There are still a number of issues highlighted by the current microarray data analysis study associated with the use of web services and workflows that still need to be addressed. Firstly, there is the problem of securing analysis services such as that provided by an R server used in the example workflow. Such services may have been deployed on powerful compute clusters and so their use by unauthorised users within workflows is undesirable. Using the RServe library, the R server can be configured to allow access for those users providing the appropriate username and password combination.

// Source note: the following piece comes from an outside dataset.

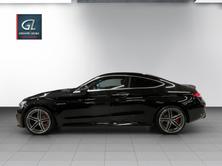 MERCEDES-BENZ C 63 AMG, Essence, Occasion / Utilisé, Automatique - 3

However, this information is embedded within the Scufl file and so it is not suitable to share this file with anyone other than colleagues. Future work on the development of Taverna 2, involving the use of distributed agents to handle the security of services during workflow enactment will address this problem. The sharing of workflows within the life sciences community is also an issue that is currently being addressed by the myExperiment project http://www.myexperiment.org/. It introduces the concept of social networking web sites for workflows and aims to provide a collaborative environment for scientists to safely publish their workflows with supporting documentation, and share them with a wider group of people as well as addressing concerns relating to their attribution, credit and intellectual property on the web.